Otras veces, sin embargo, sufrimos más de lo necesario, me atrevería a decir que sufrimos
muchas veces de manera innecesaria. En muchas ocasiones somos nosotros los propios
culpables de nuestro sufrimiento, y lo hacemos porque, a su debido tiempo, no nos educaron a
«saber sufrir» y, a medida que crecemos, la vida saca su arsenal de malos momentos sin que
estemos preparados para combatirlos. Sufrimos porque no sabemos afrontar la vida con el
equilibrio adecuado a la hora de medir la intensidad de los problemas que «creemos» tener.
Padecemos esa especie de «potenciatitis», es decir, potenciamos, aumentamos, exageramos
los problemas, los categorizamos, los inflamos, los hacemos importantes y terminamos
abrumados por la dimensión que les hemos conferido.

¿Pero por qué este auge de lo emocional? Nuestros abuelos, incluso nuestros padres, no se
preocupaban tanto por el tema emocional. Su mundo era más duro a nivel de comodidades,
sus opciones eran muy limitadas y su contacto con el exterior se reducía a lo cercano, a lo
próximo, en definitivas cuentas, a lo real. Tenían por costumbre aceptar, en la medida de las
posibilidades, la sociedad en la que les había tocado vivir, y dentro de sus capacidades y de la
realidad de su estatus social, buscaban la felicidad. El trabajo era un medio para ganar dinero,
y la dicha solía atesorarse al margen de la economía, en la franja personal de la vida, separada
del materialismo. Por una parte, la aceptación de esta realidad tenía un halo de tristeza porque
cercenaba la capacidad de soñar con cambiar radicalmente la situación, pero por otra parte, se
partía de una realidad y se vivía conforme a ella, buscando una felicidad sencilla, teniendo una
vida emocional más transparente que la actual.

Este imperio del cuidado emocional que aumenta, pone especial acento en el tema educativo.
La pedagogía actual está haciendo hincapié en «educar las

emociones», como si esto no se hubiese hecho nunca.
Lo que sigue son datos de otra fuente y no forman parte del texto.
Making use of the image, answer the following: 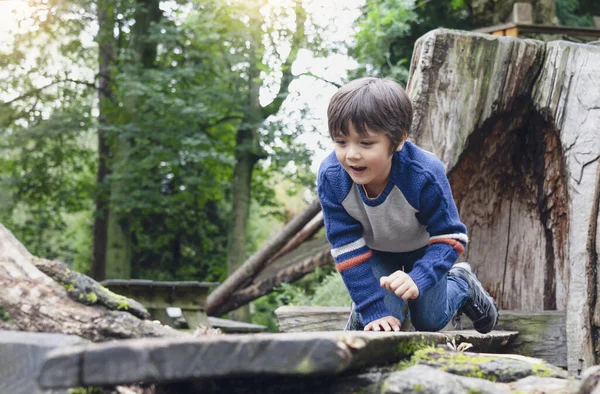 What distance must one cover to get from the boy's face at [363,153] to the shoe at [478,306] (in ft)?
3.24

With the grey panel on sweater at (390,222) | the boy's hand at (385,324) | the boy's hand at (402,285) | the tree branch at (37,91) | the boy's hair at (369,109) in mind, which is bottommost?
the boy's hand at (385,324)

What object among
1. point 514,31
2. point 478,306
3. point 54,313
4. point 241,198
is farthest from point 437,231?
point 241,198

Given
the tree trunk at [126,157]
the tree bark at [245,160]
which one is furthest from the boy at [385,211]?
the tree trunk at [126,157]

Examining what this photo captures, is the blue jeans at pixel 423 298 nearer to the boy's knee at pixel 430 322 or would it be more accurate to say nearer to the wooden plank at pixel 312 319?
the boy's knee at pixel 430 322

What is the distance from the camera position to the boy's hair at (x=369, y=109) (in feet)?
9.69

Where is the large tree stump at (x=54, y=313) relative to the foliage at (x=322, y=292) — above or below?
above

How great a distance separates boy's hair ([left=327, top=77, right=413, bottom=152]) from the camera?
9.69ft

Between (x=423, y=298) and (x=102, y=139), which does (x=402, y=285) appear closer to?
(x=423, y=298)

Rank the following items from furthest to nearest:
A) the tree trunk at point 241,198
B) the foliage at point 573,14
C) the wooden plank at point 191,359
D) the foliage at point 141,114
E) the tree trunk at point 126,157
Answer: the tree trunk at point 241,198 → the tree trunk at point 126,157 → the foliage at point 141,114 → the foliage at point 573,14 → the wooden plank at point 191,359

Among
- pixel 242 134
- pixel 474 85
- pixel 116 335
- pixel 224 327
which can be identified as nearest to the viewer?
pixel 116 335

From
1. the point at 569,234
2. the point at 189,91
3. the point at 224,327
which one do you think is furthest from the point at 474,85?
the point at 189,91

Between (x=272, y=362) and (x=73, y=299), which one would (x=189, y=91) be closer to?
(x=73, y=299)

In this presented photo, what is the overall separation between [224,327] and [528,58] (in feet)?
19.7

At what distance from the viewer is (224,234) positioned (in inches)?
730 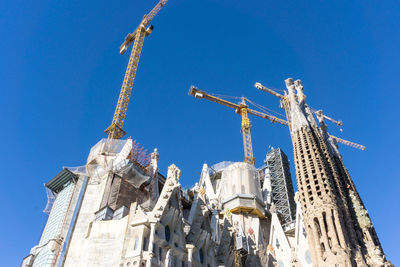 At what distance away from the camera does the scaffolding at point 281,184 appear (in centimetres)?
5201

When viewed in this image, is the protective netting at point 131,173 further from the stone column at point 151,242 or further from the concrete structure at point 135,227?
the stone column at point 151,242

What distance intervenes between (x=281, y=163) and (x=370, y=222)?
2324 cm

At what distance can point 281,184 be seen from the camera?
2224 inches

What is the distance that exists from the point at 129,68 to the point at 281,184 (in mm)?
27426

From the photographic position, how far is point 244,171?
1992 inches

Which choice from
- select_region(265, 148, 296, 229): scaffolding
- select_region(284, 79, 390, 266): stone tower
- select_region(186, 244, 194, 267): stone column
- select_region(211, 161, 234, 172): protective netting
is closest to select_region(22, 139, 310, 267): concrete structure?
select_region(186, 244, 194, 267): stone column

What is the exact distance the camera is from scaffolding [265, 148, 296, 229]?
52009 mm

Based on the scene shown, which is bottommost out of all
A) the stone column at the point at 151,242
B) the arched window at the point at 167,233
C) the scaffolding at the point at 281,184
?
the stone column at the point at 151,242

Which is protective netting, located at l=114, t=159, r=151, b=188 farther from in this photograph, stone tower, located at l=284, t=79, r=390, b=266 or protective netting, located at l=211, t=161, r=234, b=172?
protective netting, located at l=211, t=161, r=234, b=172

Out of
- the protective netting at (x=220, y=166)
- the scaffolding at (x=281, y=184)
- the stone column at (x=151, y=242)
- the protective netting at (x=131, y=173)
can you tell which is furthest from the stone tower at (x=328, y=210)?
the protective netting at (x=131, y=173)

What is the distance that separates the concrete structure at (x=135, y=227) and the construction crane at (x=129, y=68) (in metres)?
8.49

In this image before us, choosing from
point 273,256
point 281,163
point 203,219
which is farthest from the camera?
point 281,163

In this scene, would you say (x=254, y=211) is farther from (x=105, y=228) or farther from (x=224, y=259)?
(x=105, y=228)

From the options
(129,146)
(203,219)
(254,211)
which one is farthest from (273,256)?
(129,146)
Antes las emociones eran un
complemento más, algo que acompañaba a unos deberes, unos contenidos, un aprendizaje de
la disciplina, unas exigencias determinadas…, y ahora las emociones (pero solo las positivas y
agradables) son el eje central desde el que pivotan todos los demás factores.

Estamos siendo testigos de un momento de explosión de nuevas metodologías pedagógicas,


como los trabajos por proyectos, en los que el niño, partiendo de los temas en los que se
siente a gusto, con los que se identifica, comience a trabajar. Desde los nuevos púlpitos
educativos, se pregona que la educación sin emoción positiva no es buena, y no paran de
inventarse estrategias educativas docentes donde el infante siempre se encuentre cómodo con
la situación que se le propone a cada momento.

Estamos cayendo en lo que se denomina un «paidocentrismo», es decir, el niño es el centro de


todo, todo gira en torno a él y, lo que es peor, en torno a su felicidad y satisfacción. Educamos,
desde la más temprana edad, en insertar y cuidar las emociones positivas las 24 horas del día.
Hay que estar contentos mientras estudiamos, mientras aprendemos, hay que estar felices
también en el trabajo, sentir que nos apasiona lo que hacemos en cada instante, en cada
momento. Pero si solo podemos o debemos aprender, o enseñar, con el refuerzo y el amparo
de emociones positivas, estamos manipulando la idea de una vida real, donde, como hemos
estado analizando, existen muchos factores imponderables que nos provocarán desazón,
desánimo, dolor, decepción, angustia, ansiedades y alguna que otra depresión. Es decir,
olvidamos educar también para el sufrimiento.